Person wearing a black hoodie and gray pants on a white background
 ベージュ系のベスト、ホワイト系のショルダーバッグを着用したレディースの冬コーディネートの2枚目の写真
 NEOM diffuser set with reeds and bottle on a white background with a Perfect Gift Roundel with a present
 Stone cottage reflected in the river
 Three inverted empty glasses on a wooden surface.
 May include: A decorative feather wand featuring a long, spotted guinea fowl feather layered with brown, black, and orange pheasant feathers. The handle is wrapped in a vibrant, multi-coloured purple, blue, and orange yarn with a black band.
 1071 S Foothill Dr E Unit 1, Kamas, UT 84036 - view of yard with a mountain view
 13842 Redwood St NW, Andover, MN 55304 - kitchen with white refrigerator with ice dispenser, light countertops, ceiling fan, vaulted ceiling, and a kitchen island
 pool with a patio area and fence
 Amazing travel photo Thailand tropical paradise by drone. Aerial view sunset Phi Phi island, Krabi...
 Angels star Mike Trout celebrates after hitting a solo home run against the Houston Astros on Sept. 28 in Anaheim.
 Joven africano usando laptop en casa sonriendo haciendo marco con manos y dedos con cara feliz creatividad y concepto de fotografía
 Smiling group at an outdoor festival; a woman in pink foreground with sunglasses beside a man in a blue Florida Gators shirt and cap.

= = =

• _Exercise objective_
Would you please copy exactly the part of the entries above that begins at the line containing "1071 S Foothill" and ends at the line containing "Joven africano usando", both lines included?

• _Answer space_
 1071 S Foothill Dr E Unit 1, Kamas, UT 84036 - view of yard with a mountain view
 13842 Redwood St NW, Andover, MN 55304 - kitchen with white refrigerator with ice dispenser, light countertops, ceiling fan, vaulted ceiling, and a kitchen island
 pool with a patio area and fence
 Amazing travel photo Thailand tropical paradise by drone. Aerial view sunset Phi Phi island, Krabi...
 Angels star Mike Trout celebrates after hitting a solo home run against the Houston Astros on Sept. 28 in Anaheim.
 Joven africano usando laptop en casa sonriendo haciendo marco con manos y dedos con cara feliz creatividad y concepto de fotografía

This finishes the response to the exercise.